If you truly believe stimulants are indicated for your patient, these warnings should not deter you. Stimulants’ effects can be seen quickly, so dosages can be adjusted readily, thereby avoiding the urgency to give a prescription immediately or the need to give a large supply. As one would predict, extended-release formulations of medications seem to have a lower incidence of abuse, according to a recent review (Wilens T et al, J Am Acad Child Adolesc Psychiatry 2008;47(1):21–31). In addition to the extended release formulations, the osmotic controlled-release oral delivery system (OROS, available in methylphenidate form as Concerta) does not appear to cause a “high” sought by those using it for non-medical uses.
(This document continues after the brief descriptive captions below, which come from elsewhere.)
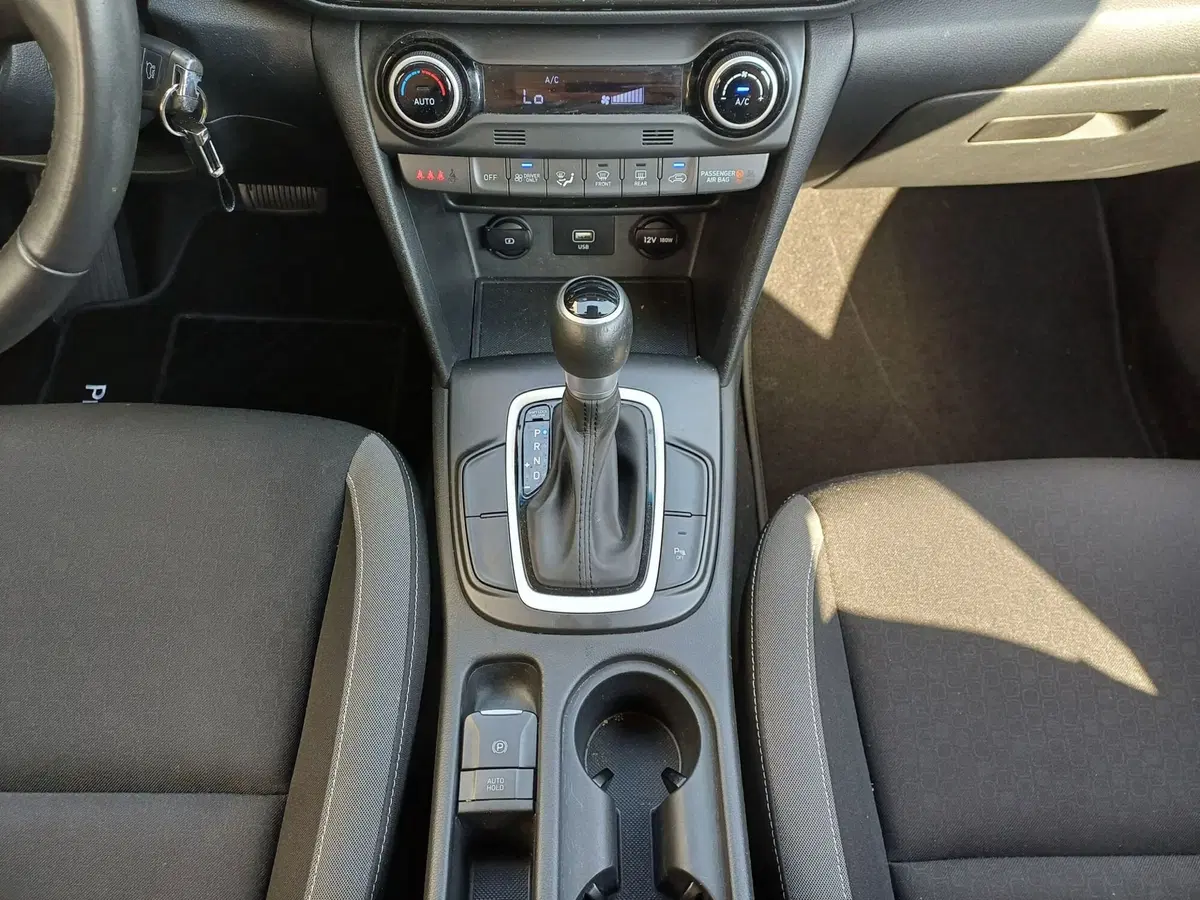 Hyundai Kona usata a Alessandria (14)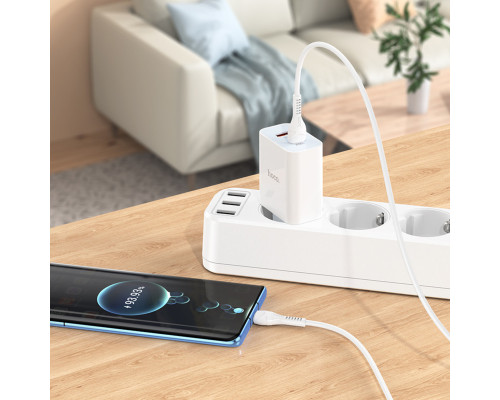 Мережевий зарядний пристрій HOCO C97A PD20W+QC3.0 charger set(Type-C to Type-C) White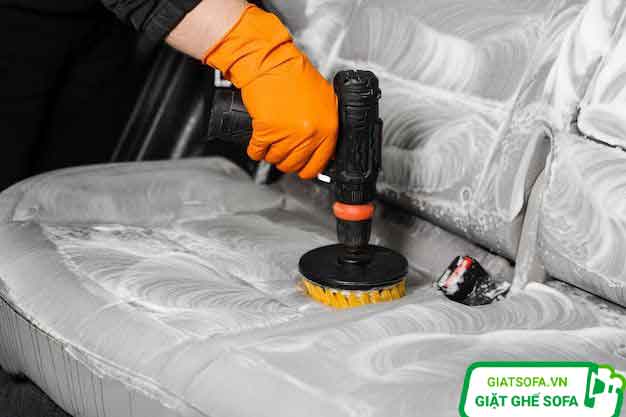 Chuẩn bị dụng cụ vệ sinh ghế ô tô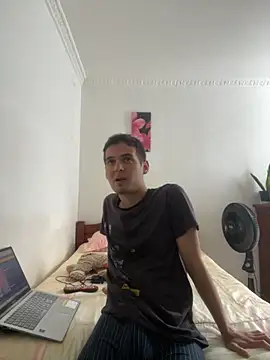 Snapshot of Thiagobb7 chatting on September 17, 2025, 7:37 pm Thiagobb7 online show from September 17, 2025, 7:37 pm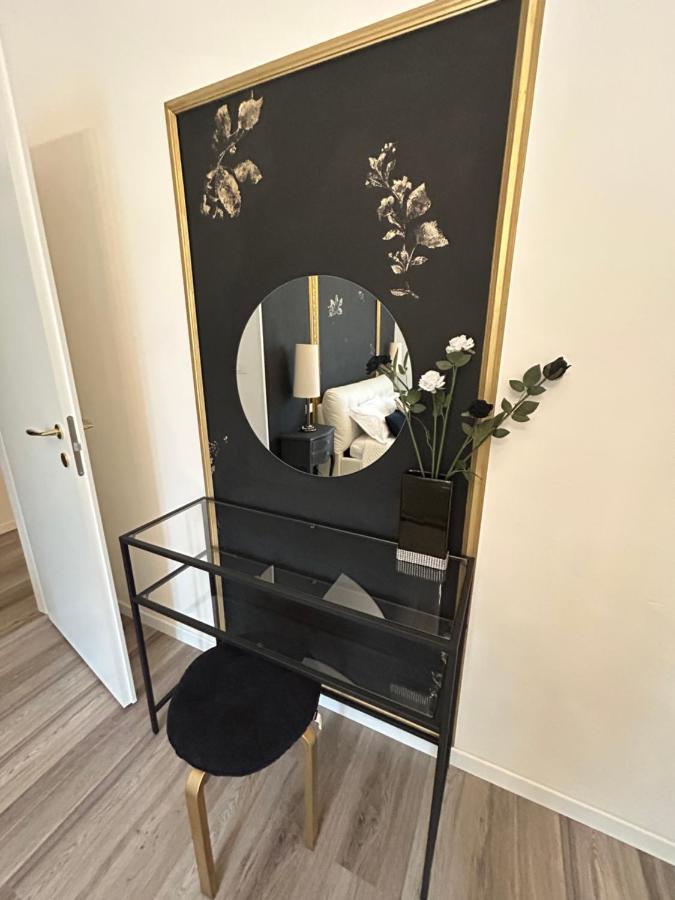 Aurora Flowers - Two Rooms And Free Parking Near Center And Train Station Modena Exteriör bild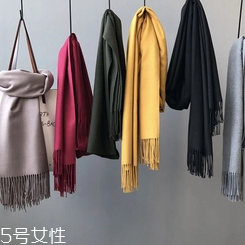 冬天戴什么圍巾好看？貌美又溫暖的圍巾大盤點(diǎn)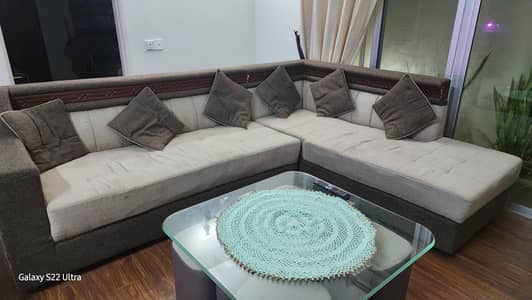 L-Shape Sofa Set with center table – Comfortable & Well Maintained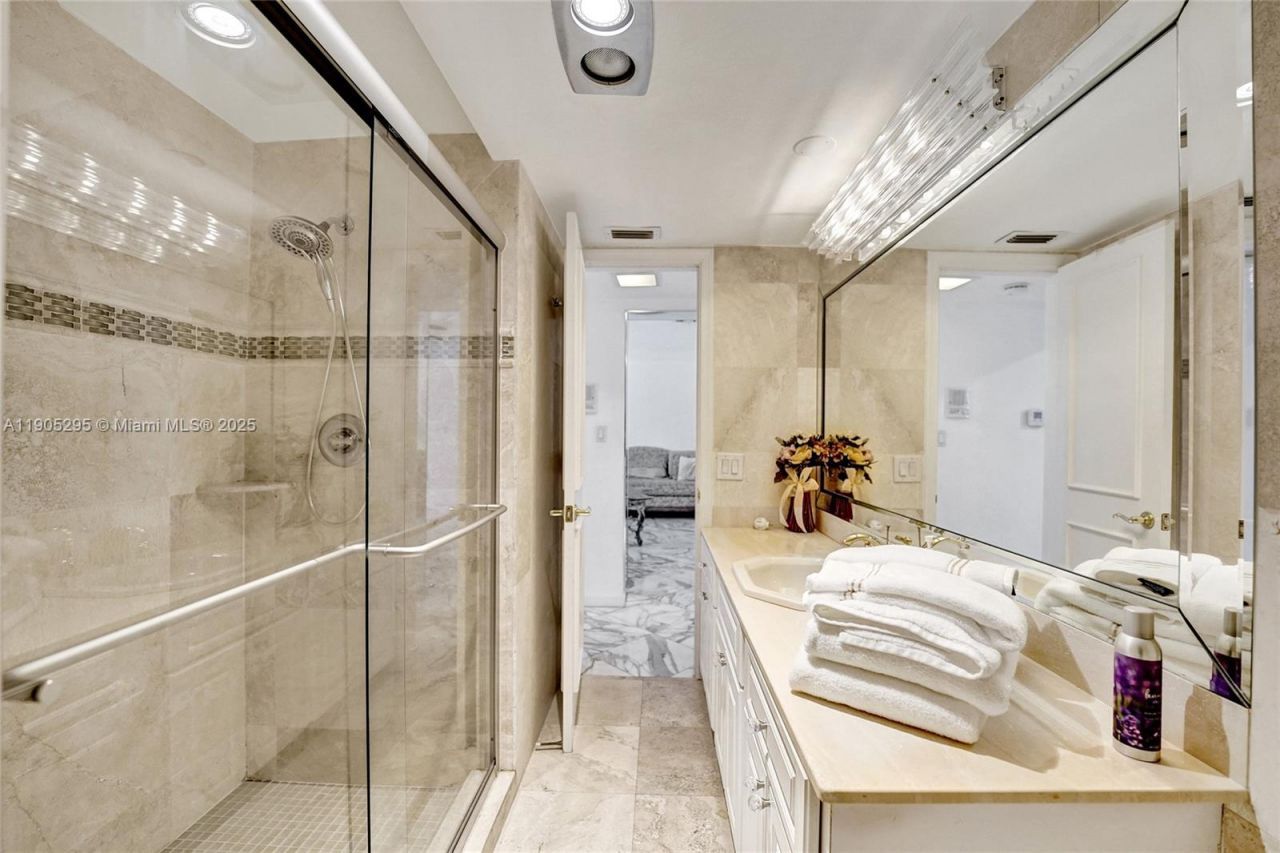 2889 NE 35th St, Fort Lauderdale, FL 33306 Photo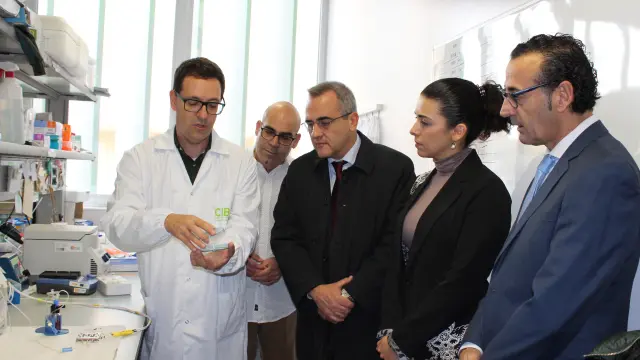 El investigador Ignacio Giménez explica el estudio en el laboratorio del Centro de Investigación Biomédica de Aragón (CIBA).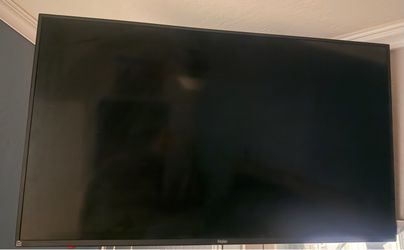 45” Tv - Tv Rack included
Since 2008, lisdexamfetamine (Vyvanse) has been available for prescribing. This is a prodrug of dextromethamphetamine; it requires conversion to the active version of the stimulant in the GI tract so it doesn’t provide a high when smoked or snorted. Its onset of action is longer and the peak effects if slower than amphetamine and mixed-amphetamine salts.
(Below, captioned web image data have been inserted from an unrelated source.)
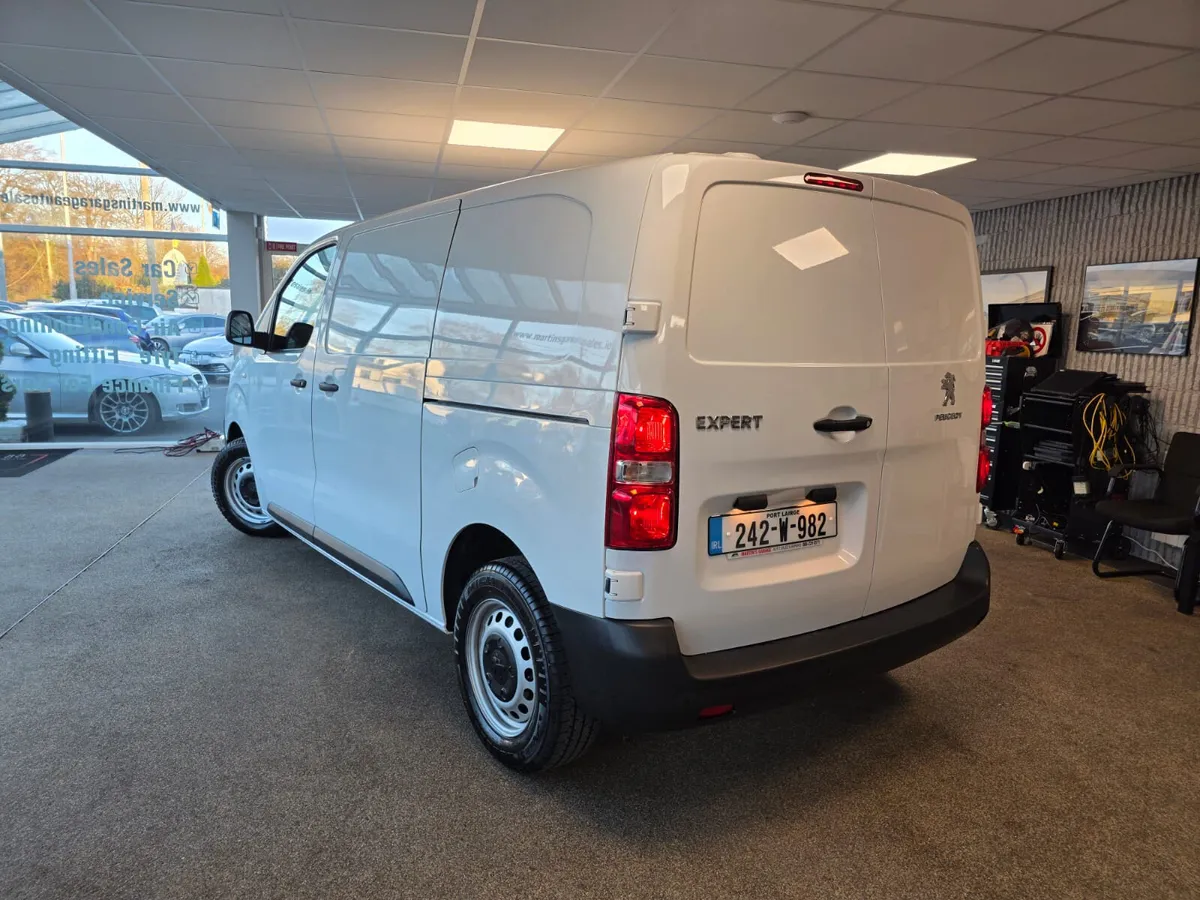 Peugeot Expert Professional 1.5 HD 2024 - Image 4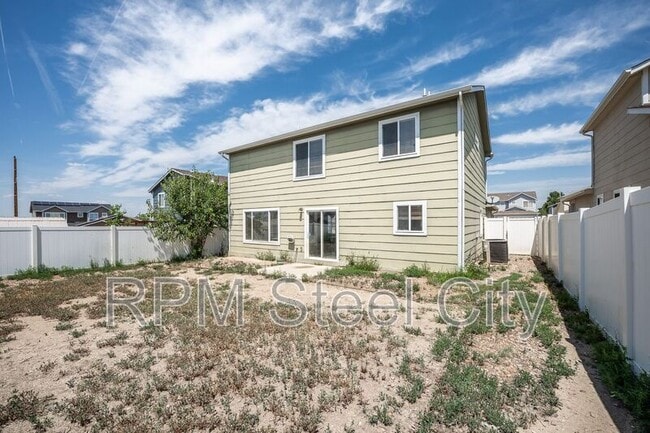 Building Photo - 2238 Meadowlark Ln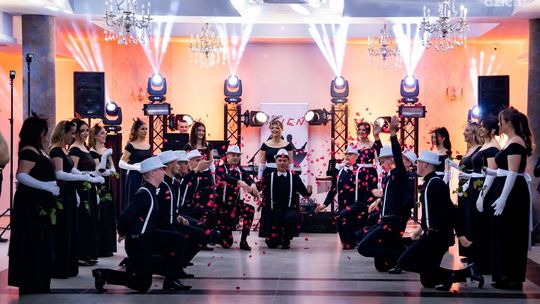 Studniówki 2025: Szkoły im. 72 Pułku Piechoty w Radomiu ZDZ [FOTO/WIDEO]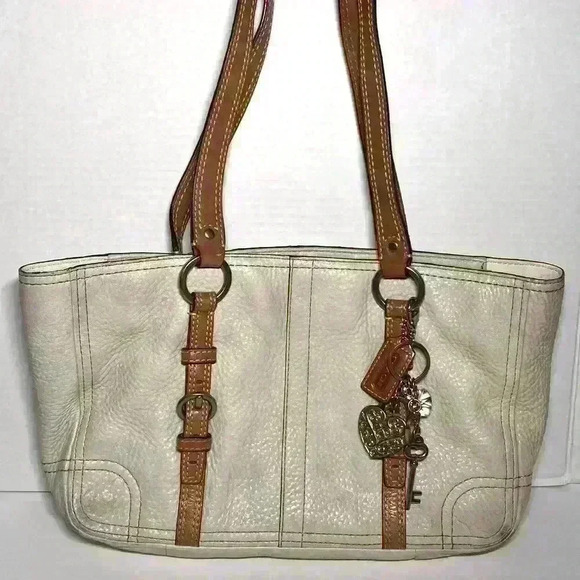 COACH Chelsea Tote Overshoulder Handbag Genuine Pebble Leather Cream Tan Heart - Picture 1 of 15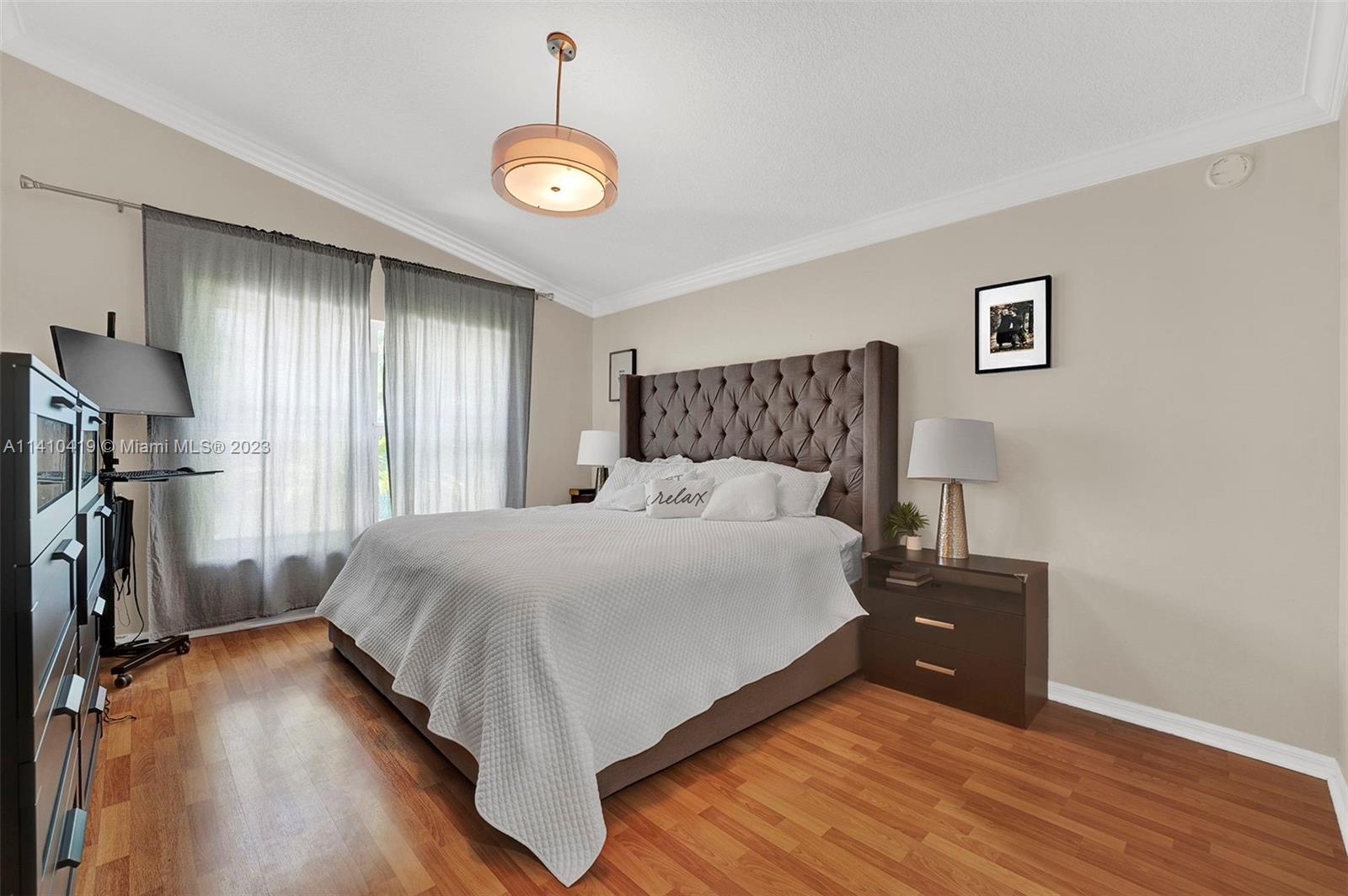 Listing Photo 18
You may also choose to prescribe a non-stimulant medication for ADHD. Atomoxetine (Strattera) is approved as monotherapy for ADHD in children and adults, although its onset of action is more gradual than with stimulants. Other options include buproprion (Wellbutrin), whose effect on dopamine makes it a somewhat effective and well-tolerated (Wilens T et al, Biol Psychiatry 2005;57(7):793–801) and the alpha-2 agonists guanfacine (Tenex) and clonidine (Catapres), which are less likely to be abused but are regarded as second-line agents for ADHD.
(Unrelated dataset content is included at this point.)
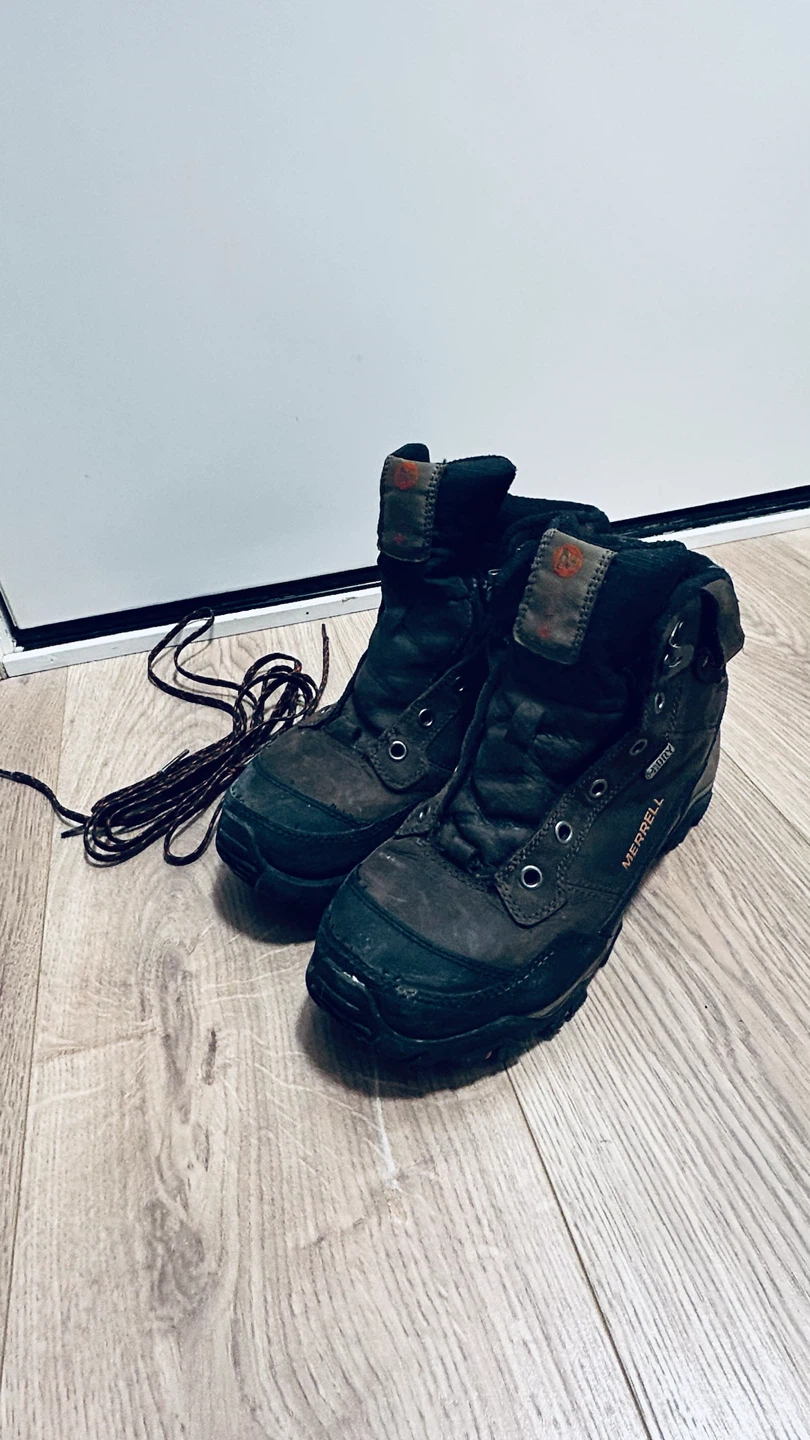 Merrell Youth Waterproof Insulated Winter Boots – Size US 7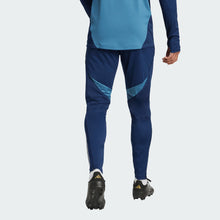 Cargar imagen en el visor de la galería, adidas Men&#39;s Arsenal Training Pants 25/26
It is also important to note the nonpharmacologic treatments that are being researched for those with ADHD. Among other options, mindfulness has been targeted as a possible addition to treatment (Zylowska L et al, J Attention Disord 2008;11(6):737–746). Other dietary and behavioral treatments such as free fatty acids, neurofeedback, and cognitive training have been considered as well. A recent metaanalysis of these treatments showed very slight efficacy for free fatty acids but not for other nonpharmacological interventions (Sonuga-Barke EJS et al, Am J Psychiatry 2013:170(3);275–289). Stimulants will likely remain the mainstay of ADHD treatment but other options may be useful for the small but significant portion of the population that abuses stimulants.
TCPR’s Verdict: Stimulant medications have important and established therapeutic purposes for all age groups. There has been focus on the abuse potential of these medications especially in adolescence and early adulthood. A practitioner should be educated as to the signs and symptoms of misuse or abuse in order to prevent possible life threatening consequences. It is also important to know alternate effective treatments for those who are taking these medications for a therapeutic purpose in order to minimize abuse risk.